WHAT YOU NEED TO DO —
Leaving out the pictures, copy each record below exactly.

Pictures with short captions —
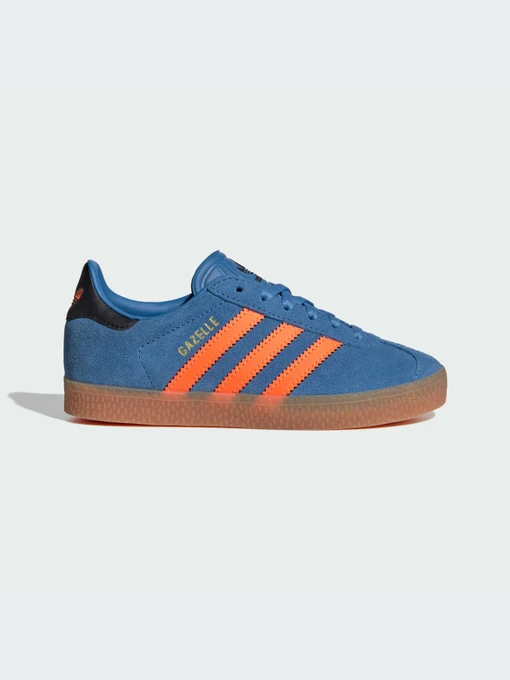 Кроссовки Adidas Gazelle модель JP7129-KZ Фото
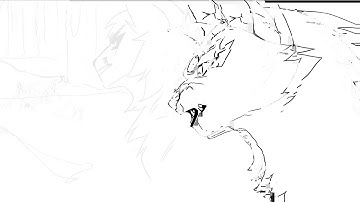 WIP Some nights warriors MAP [part 10]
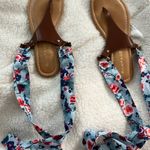 Rampage Tan Sandals Photo 0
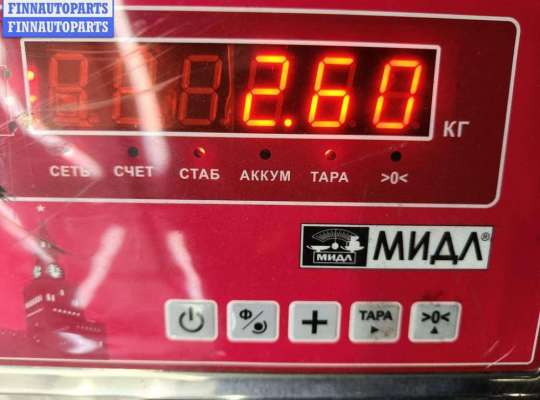 купить Вентилятор радиатора на Opel Astra G (1998-2004)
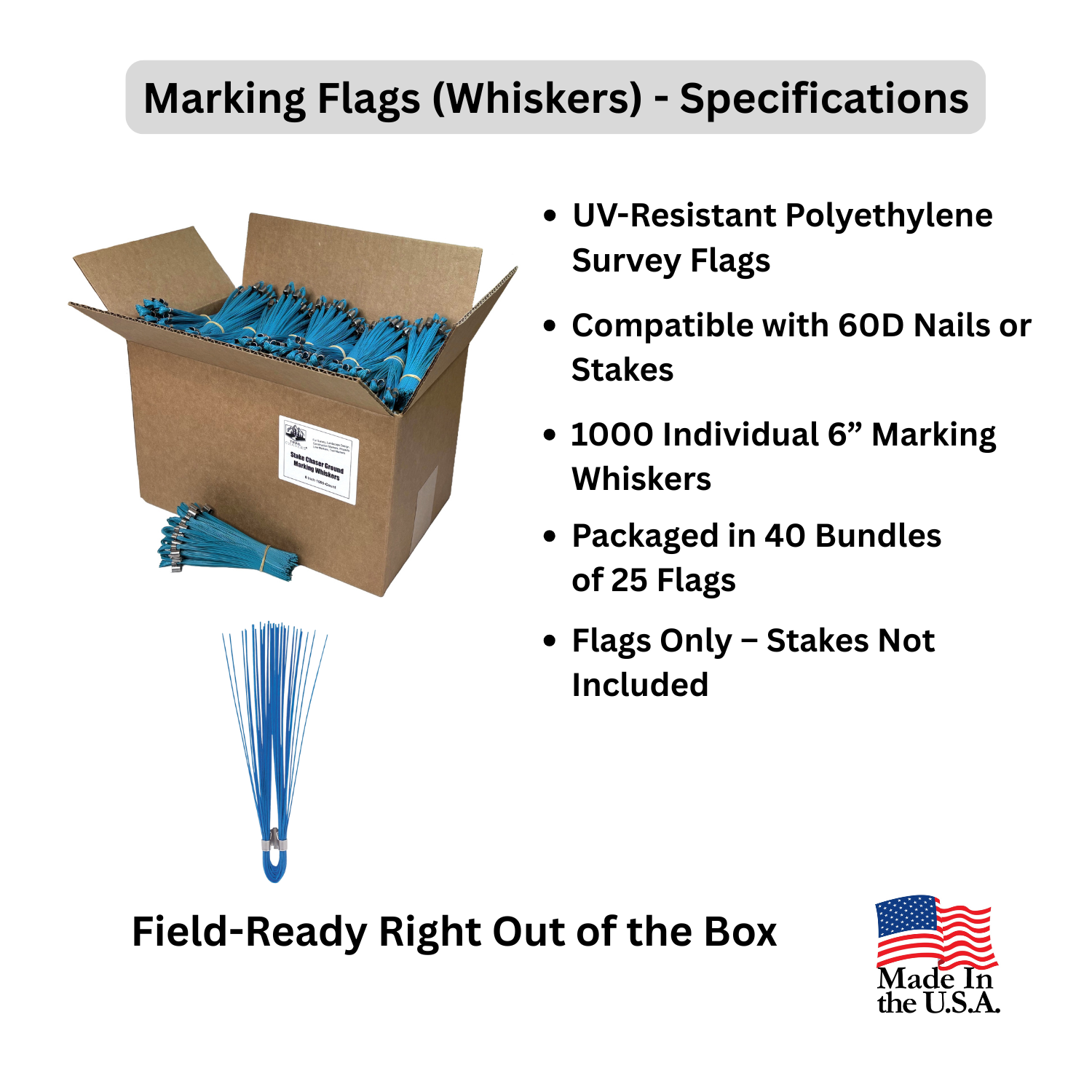 Marking Flags (Whiskers) Blue 1000 Count - Specifications.png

ANSWER AREA —
 Кроссовки Adidas Gazelle модель JP7129-KZ Фото
 WIP Some nights warriors MAP [part 10]
 Rampage Tan Sandals Photo 0
 купить Вентилятор радиатора на Opel Astra G (1998-2004)
 Marking Flags (Whiskers) Blue 1000 Count - Specifications.png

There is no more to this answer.